··· Information shown
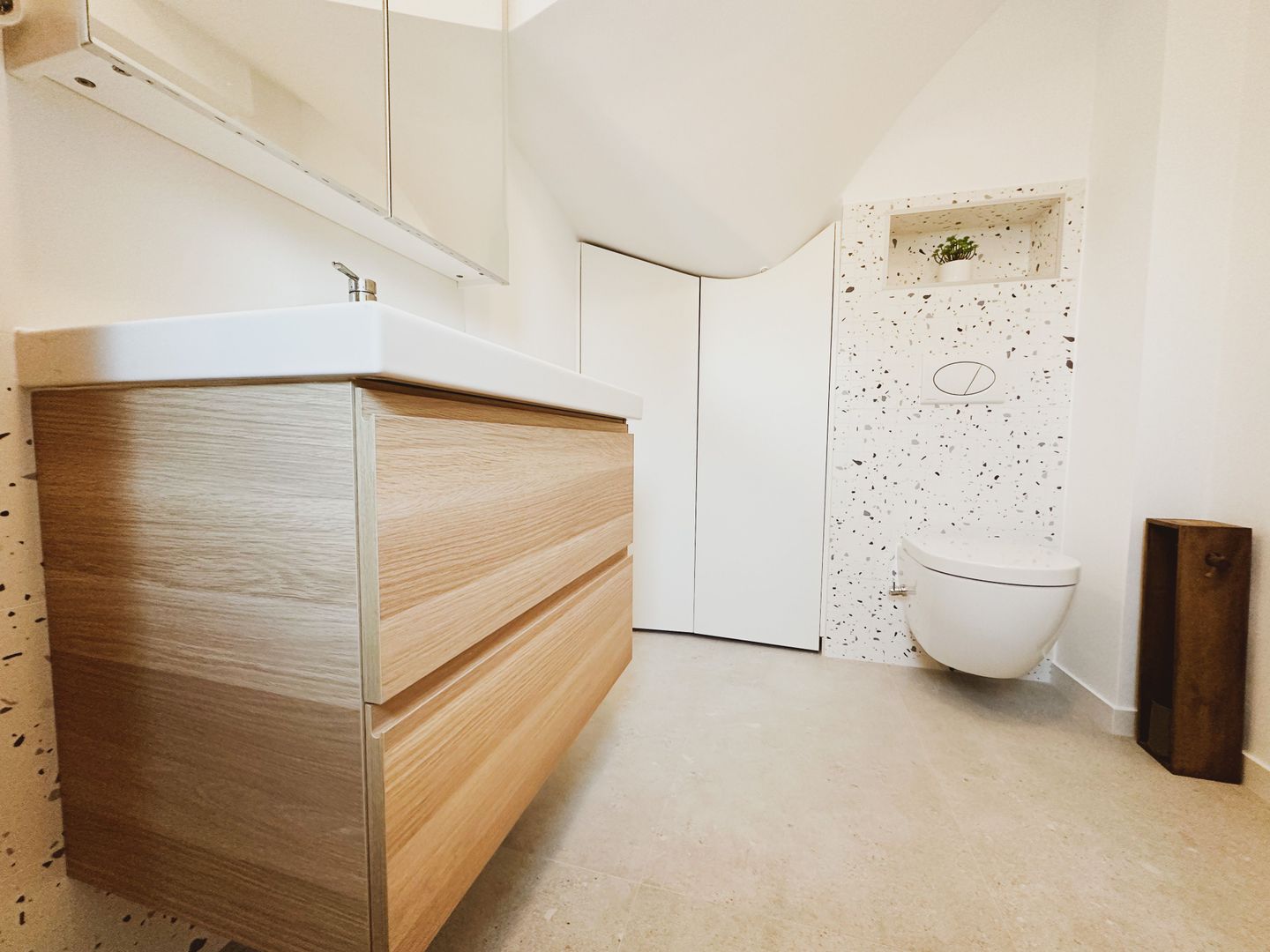 VANDUTA- Casuta din oras - de vanzare - 4 camere - NORD - Poză 13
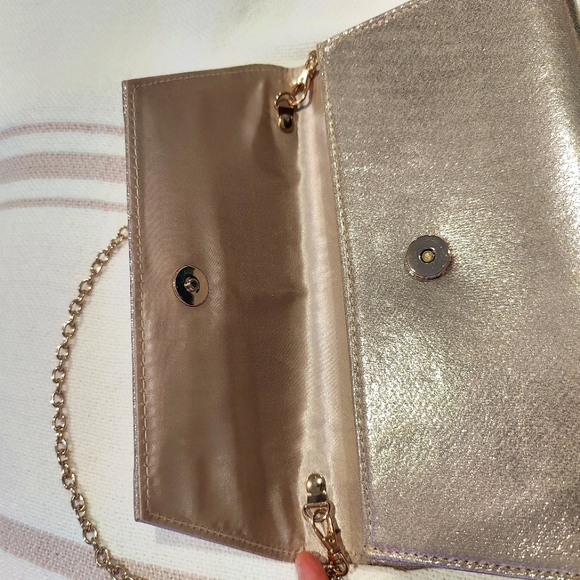 Gianni Bini Gold clutch - Picture 4 of 6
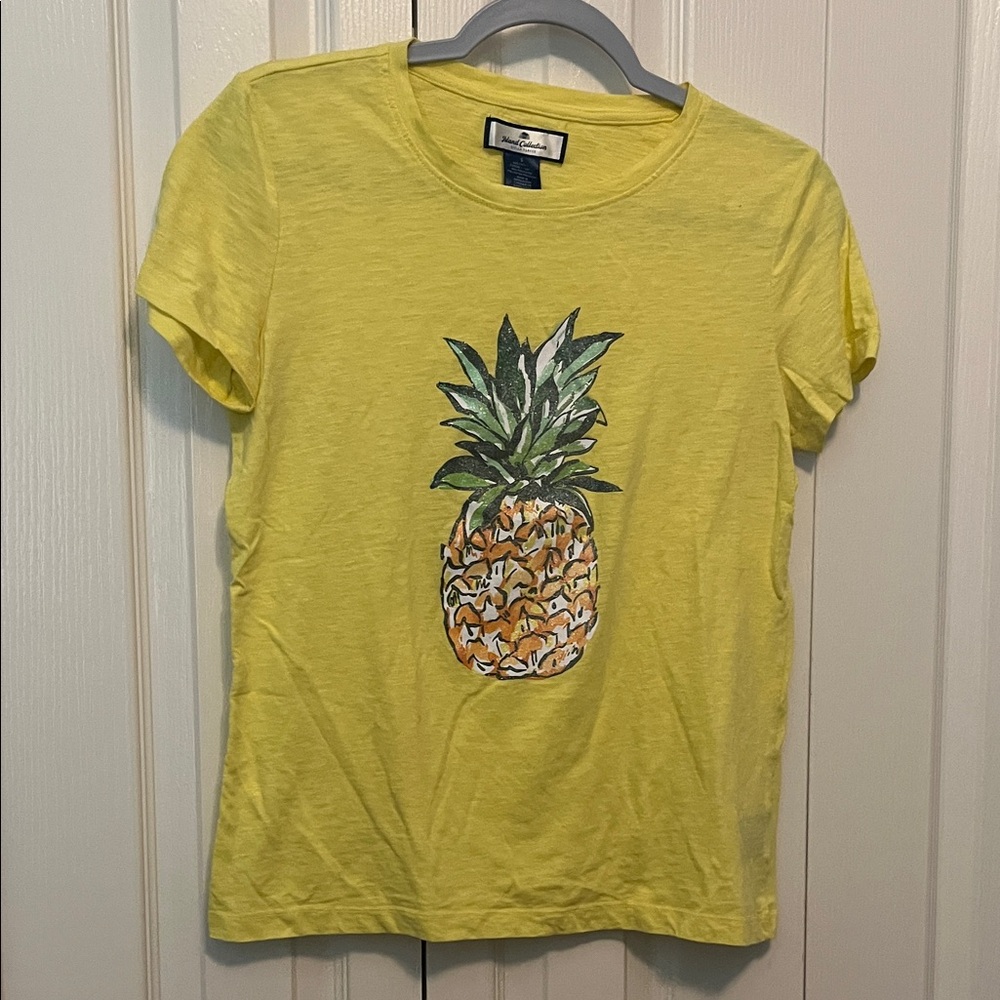 Yellow short sleeve pineapple tee. Size S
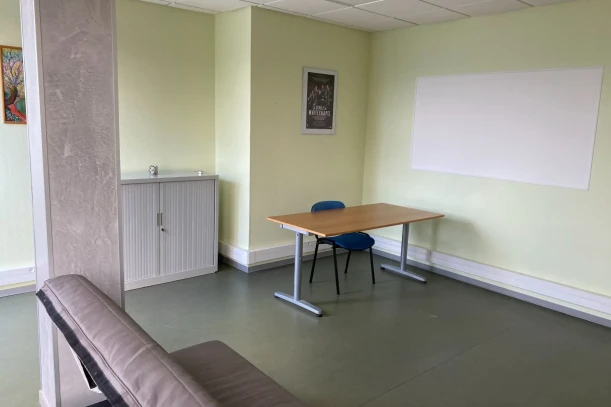 Bureau privé - 31770 - 2 postes - 490€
······
*Task statement:*
Without including a single picture, restate all of the data word for word.

*Result below:*
 VANDUTA- Casuta din oras - de vanzare - 4 camere - NORD - Poză 13
 Gianni Bini Gold clutch - Picture 4 of 6
 Yellow short sleeve pineapple tee. Size S
 Bureau privé - 31770 - 2 postes - 490€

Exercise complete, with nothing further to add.